Trees are warriors. It seems strange to say, but as you walk in a young woods, you can feel it. The battle for light is ferocious -- most saplings starve under the canopy and fall back to the forest floor. Only strong, lucky ones grow tall enough to reach the sun.
But then how about the time after the fight has been won? When you've reached the canopy top, thrust your branches into the sunlight and established your place, what then?
Then, after that rite of passage, with roots deep enough in the earth for anchor, food and drink, you may live in relative peace for hundreds, even thousands of years.
What do you learn through those seasons of sun, wind and rain? You have no eyes to watch the patterns of the clouds and the deep blue-black of a clear sky, unless your needles are your eyes. You don't think as humans do. How do you think? What do you feel?
I watch the dead log pass by, imprisoned in defunct equipment, brought low by human power, and it occurs to me that the hard-muscled, hard-drinking young men who cut down that great old fir have grown old, wrinkled and feeble and have died. Their polished axes and long steel saws have long since rusted and been thrown out. The railroad is obsolete. If they won, what did they win?
At least we still have that tree corpse as a sign of victory from days when the oceans still teemed with fish and there was space enough for everyone to have a garden. We can show our grandchildren.

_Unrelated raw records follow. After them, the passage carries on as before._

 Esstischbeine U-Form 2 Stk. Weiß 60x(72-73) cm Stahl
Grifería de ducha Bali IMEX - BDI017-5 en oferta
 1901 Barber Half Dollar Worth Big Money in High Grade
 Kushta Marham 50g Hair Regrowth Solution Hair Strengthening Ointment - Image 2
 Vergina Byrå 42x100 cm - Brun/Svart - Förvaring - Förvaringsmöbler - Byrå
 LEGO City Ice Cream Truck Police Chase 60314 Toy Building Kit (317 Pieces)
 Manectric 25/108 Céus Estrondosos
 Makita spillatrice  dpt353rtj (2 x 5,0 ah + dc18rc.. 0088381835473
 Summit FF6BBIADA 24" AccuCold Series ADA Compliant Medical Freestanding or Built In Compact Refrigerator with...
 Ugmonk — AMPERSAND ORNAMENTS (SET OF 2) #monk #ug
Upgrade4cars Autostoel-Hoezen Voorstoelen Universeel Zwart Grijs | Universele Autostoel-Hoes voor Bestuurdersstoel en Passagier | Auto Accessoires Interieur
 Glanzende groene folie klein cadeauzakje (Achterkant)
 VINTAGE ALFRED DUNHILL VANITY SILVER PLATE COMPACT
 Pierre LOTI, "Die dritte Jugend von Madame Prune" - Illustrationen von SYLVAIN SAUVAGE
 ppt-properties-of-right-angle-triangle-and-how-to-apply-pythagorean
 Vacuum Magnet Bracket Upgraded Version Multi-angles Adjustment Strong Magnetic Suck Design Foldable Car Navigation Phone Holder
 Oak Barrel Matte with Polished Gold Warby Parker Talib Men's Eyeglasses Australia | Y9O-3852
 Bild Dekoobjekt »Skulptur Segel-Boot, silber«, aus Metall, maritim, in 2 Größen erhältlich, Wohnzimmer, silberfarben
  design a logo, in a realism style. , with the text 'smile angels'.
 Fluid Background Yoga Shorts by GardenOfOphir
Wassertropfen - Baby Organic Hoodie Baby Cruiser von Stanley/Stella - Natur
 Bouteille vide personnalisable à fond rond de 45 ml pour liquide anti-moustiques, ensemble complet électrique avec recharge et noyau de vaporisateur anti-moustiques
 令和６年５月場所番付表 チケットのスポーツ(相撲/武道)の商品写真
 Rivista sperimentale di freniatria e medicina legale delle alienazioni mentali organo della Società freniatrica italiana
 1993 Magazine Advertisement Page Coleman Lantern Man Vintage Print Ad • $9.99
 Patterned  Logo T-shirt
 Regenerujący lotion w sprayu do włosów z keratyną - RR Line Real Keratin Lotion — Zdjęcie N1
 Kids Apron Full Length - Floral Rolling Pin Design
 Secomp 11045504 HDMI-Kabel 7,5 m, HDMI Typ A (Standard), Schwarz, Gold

As the shed disappears behind me, I finally notice that the prisoner is escaping. Damp night winds and seditious lichen have conspired with communist bugs and sympathetic fungi to rot the old tree back to the forest. The steel roof is helpless to prevent it; the tired mill cart doesn't care any more. Our grandchildren can look at pictures, but the evidence is moving on.
It brings tears to my eyes to realize that all our programs of mass destruction won't stop the Dark Lady -- her quiet forces of mass regeneration will have us in the end. For a moment, I almost pull over to pay homage, but I have a parking lot to wait for.